BEGIN RECORDS TO PROCESS

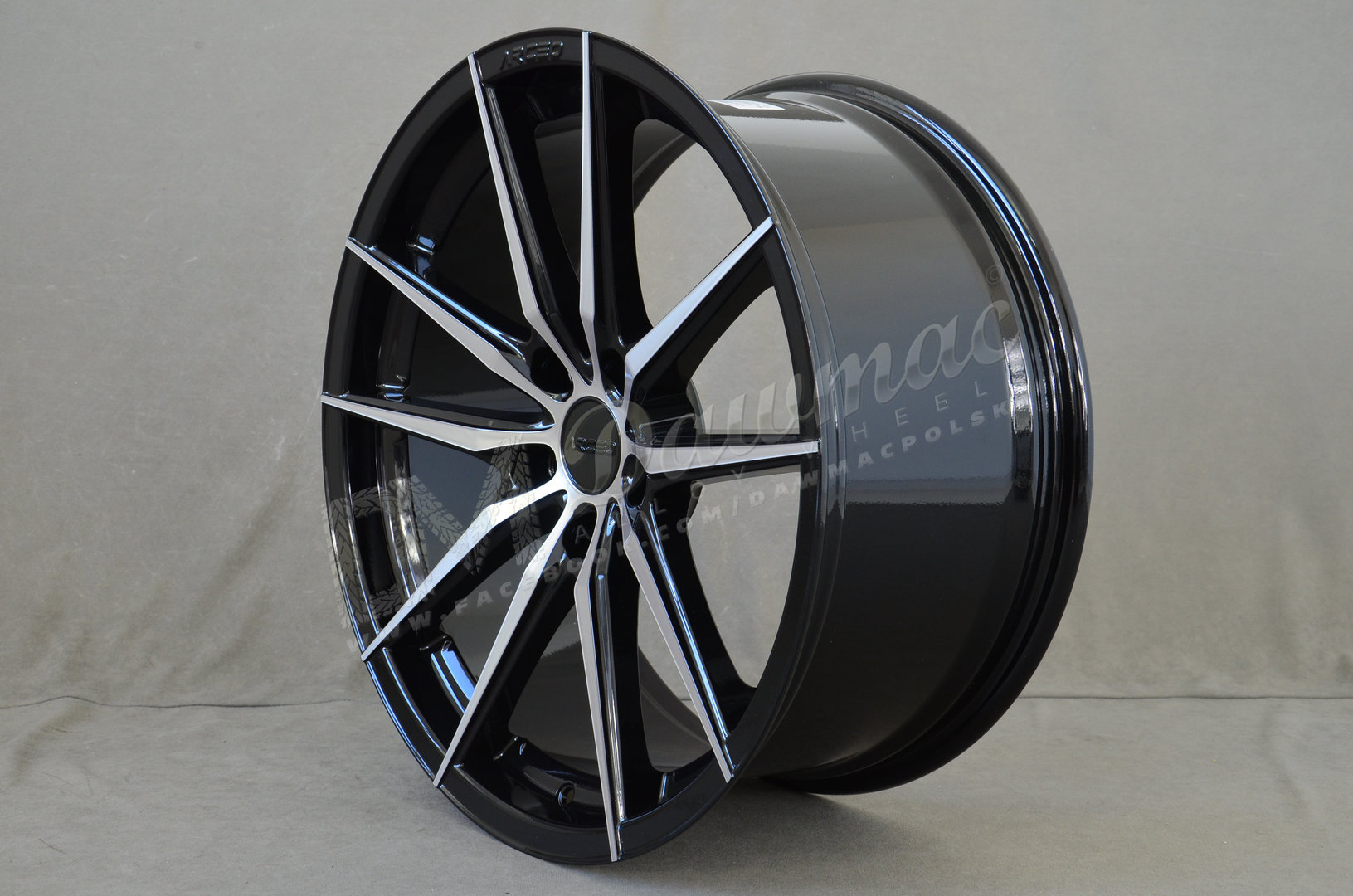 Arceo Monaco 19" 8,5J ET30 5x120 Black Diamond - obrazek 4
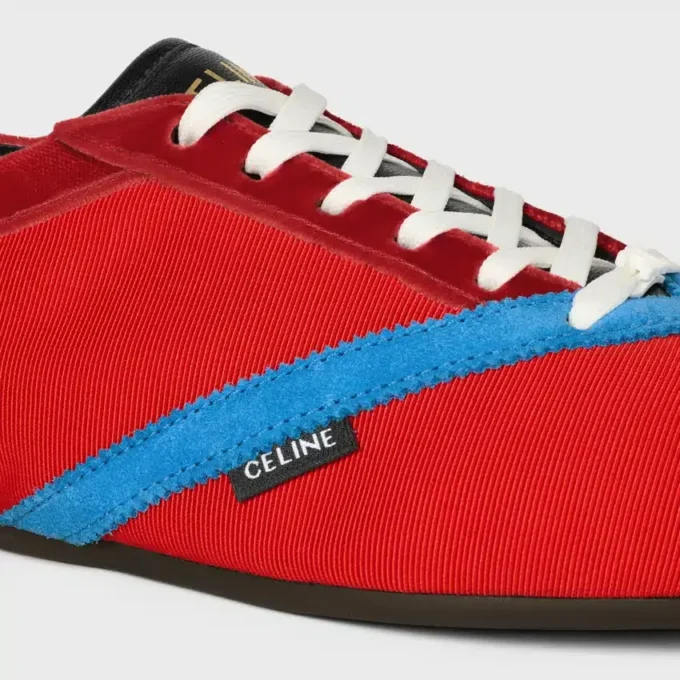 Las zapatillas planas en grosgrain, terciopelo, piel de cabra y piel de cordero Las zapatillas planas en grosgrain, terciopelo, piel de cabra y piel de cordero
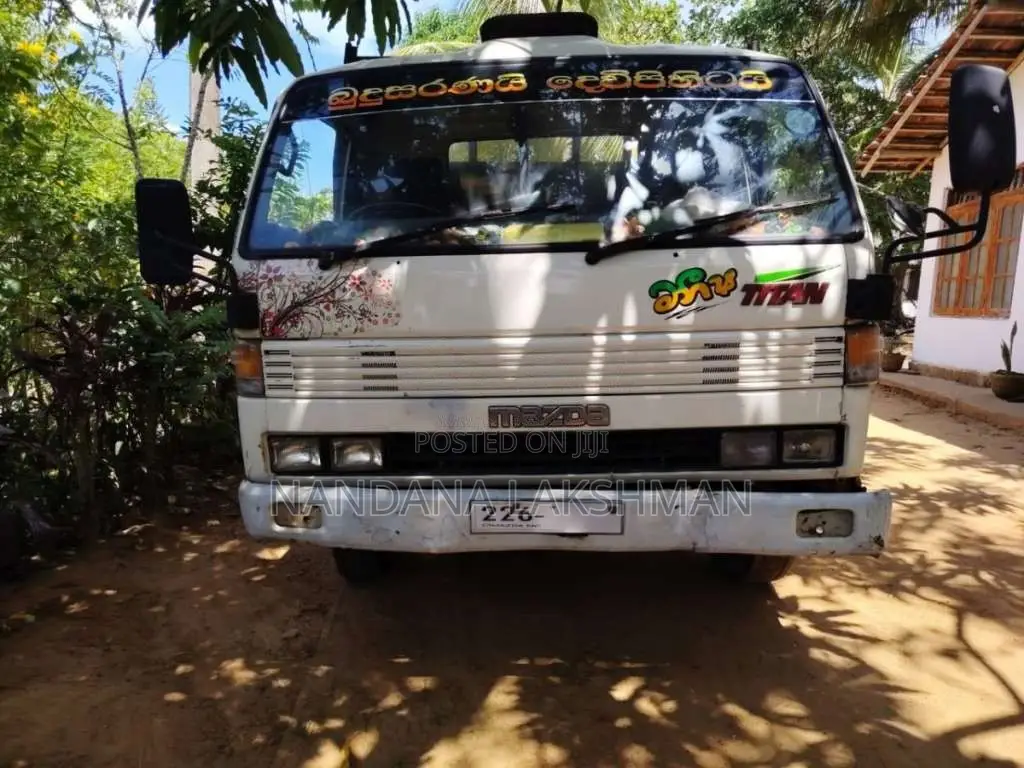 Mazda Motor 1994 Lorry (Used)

END RECORDS TO PROCESS
BEGIN RECORDS TO PROCESS

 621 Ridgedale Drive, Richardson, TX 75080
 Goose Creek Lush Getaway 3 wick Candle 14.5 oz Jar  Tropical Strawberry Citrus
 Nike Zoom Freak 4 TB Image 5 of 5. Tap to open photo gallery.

END RECORDS TO PROCESS
BEGIN RECORDS TO PROCESS

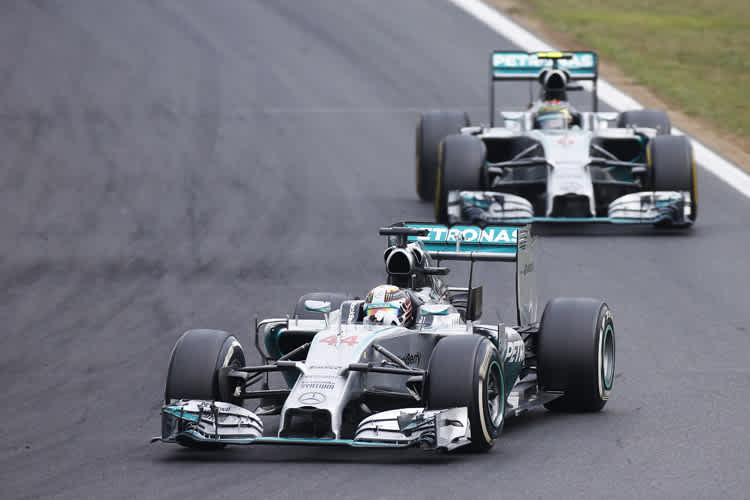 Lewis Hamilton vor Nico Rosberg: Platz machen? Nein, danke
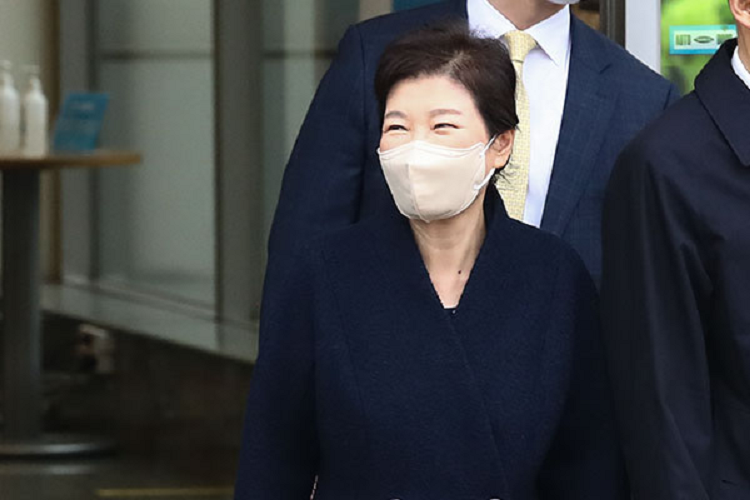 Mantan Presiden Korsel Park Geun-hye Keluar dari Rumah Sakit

END RECORDS TO PROCESS

Where the listing above has a line with "Goose Creek Lush", start there, and output every line exactly through the line with "Nike Zoom Freak", which is also included.

• _RESPONSE TO THE TASK_
 Goose Creek Lush Getaway 3 wick Candle 14.5 oz Jar  Tropical Strawberry Citrus
 Nike Zoom Freak 4 TB Image 5 of 5. Tap to open photo gallery.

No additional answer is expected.